NLRB Rules That Employers Need Not Tolerate Sexist, Racist, Or Abusive Conduct By Employees Engaged In Otherwise Protected Activities
In a critical reversal of Board precedent, the NLRB just unanimously held that employees engaging in abusive conduct in the course of protected concerted activities are not automatically shielded from discipline under the National Labor Relations Act (NLRA). This welcomed decision will make it less challenging for employers to terminate employees who engage in abusive, sexist, and racist behavior in the course of protected activity, including union activity. What do employers need to know about this significant ruling?

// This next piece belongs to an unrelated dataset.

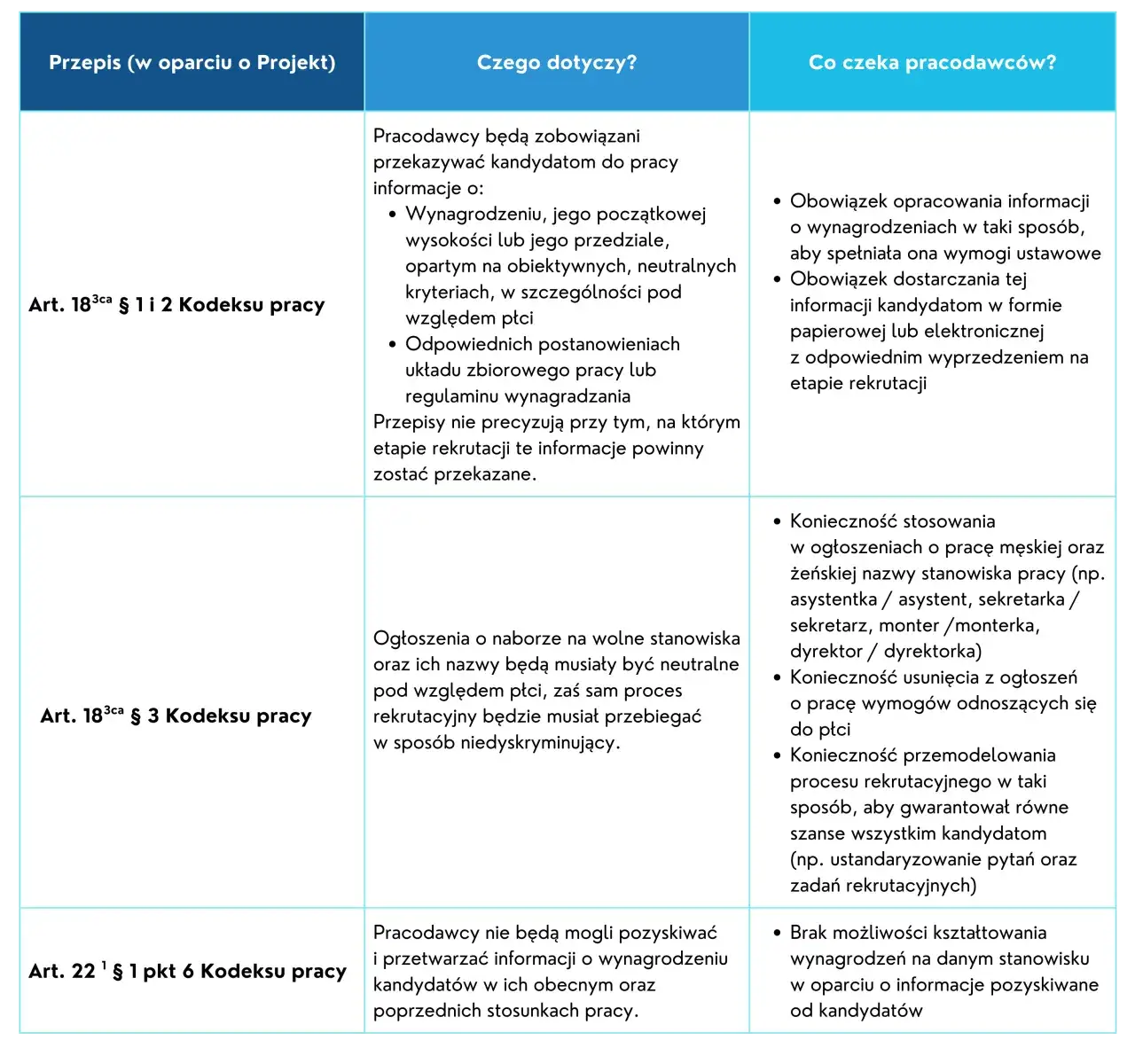 Kto to jest pracodawca w rozumieniu kodeksu pracy? Kluczowe informacje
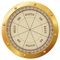 This is a Feng Shui Compass, it's useful tool for your smart phone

Board Will Apply a More Reliable Standard
In its July 21 decision, the Board ruled that cases involving employee discipline or discharge for abusive misconduct in the course of protected concerted activities will now be decided under the Board’s Wright Line analytical framework. Under this standard, the General Counsel bears the initial burden of establishing that the employee was disciplined or discharged because of protected activity. Accordingly, the General Counsel must make an initial showing that:
- The employee engaged in activity protected by Section 7 of the NLRA;
- The employer knew about the activity; and
- The employer’s decision was motivated by that knowledge. To establish this element, the General Counsel must present sufficient evidence to establish a causal link between the protected activity and the adverse action.
If those elements are met, the burden then shifts to the employer to prove that it would have taken the same action even in the absence of protected activity.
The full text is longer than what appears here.